Prep Time 30 minutes
Cook Time 15 minutes
Total Time 45 minutes
Servings: 12 pieces
Course: Dessert, Snack
Cuisine: Peruvian
Calories: 230

Ingredients
  

Dough Ingredients
  • 1 packet dry baking yeast
  • 2 tablespoons sugar
  • 1 cup warm water Ensure the water is warm for yeast activation.
  • 1 cup ground corn or cornmeal
  • 1 teaspoon sea salt
  • 1 teaspoon crushed anise
  • 3 cups white flour Can substitute with all-purpose flour.
  • 1 cup premium beer
  • 1 cup cooked butternut squash, pureed Can substitute with pumpkin puree or sweet potato.
Syrup Ingredients
  • 1 cup brown sugar
  • 1 cup water
  • 1 tablespoon lemon or orange peel shreds

Method
 

Preparation
  1. In a small bowl, combine the dry baking yeast, warm water, and 2 tablespoons of sugar. Let it sit for about 10 minutes until it becomes frothy.
  2. In a large mixing bowl, combine the ground corn, sea salt, and crushed anise. Mix well.
  3. Add the activated yeast mixture to the corn mixture along with the flour, beer, and pureed butternut squash. Stir until combined and form a sticky dough.
  4. Remove the dough from the bowl and knead it on a floured surface for about 8–10 minutes until it becomes smooth and elastic.
  5. Place the dough in a greased bowl, cover it with a cloth, and allow it to rise in a warm place for about 1 hour or until doubled in size.
  6. Once the dough has risen, punch it down to remove any air bubbles. Shape the dough into rings, about the size of your palm, and create a hole in the center.
Cooking
  1. Heat oil in a deep pan or fryer to 350°F (175°C).
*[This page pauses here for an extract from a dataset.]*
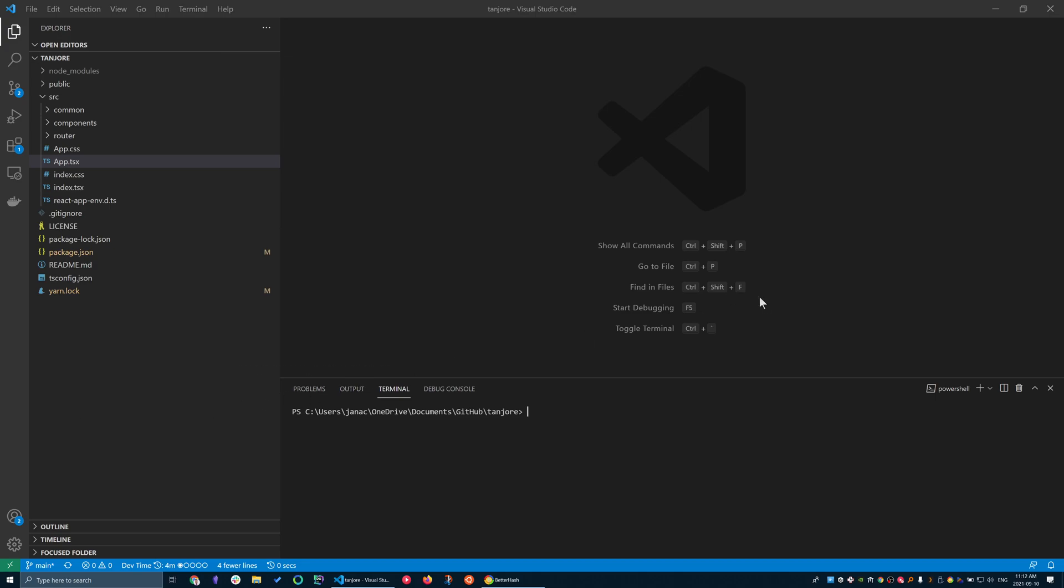Hey guys, it's Jenik here with another git tutorial. Today I want to talk about git stash.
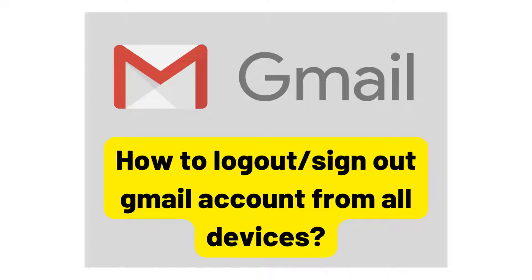Hey guys, today in this video, I will show you how to log out or sign out your Gmail account from all devices.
Carefully fry the doughnuts in batches until they are golden brown on both sides, about 3–4 minutes per side.
  2. Remove the picarones from the oil and place them on a paper towel-lined plate to drain excess oil.
Making the Syrup
  1. In a saucepan, combine brown sugar, water, and lemon or orange peel shreds. Bring to a boil and simmer until it thickens into a syrup.
Serving
  1. Serve the picarones warm with the syrup drizzled over them or on the side for dipping.

Notes

Picarones are best served warm and can be enjoyed as a dessert or sweet snack. Pair them with vanilla ice cream or whipped cream for an added treat.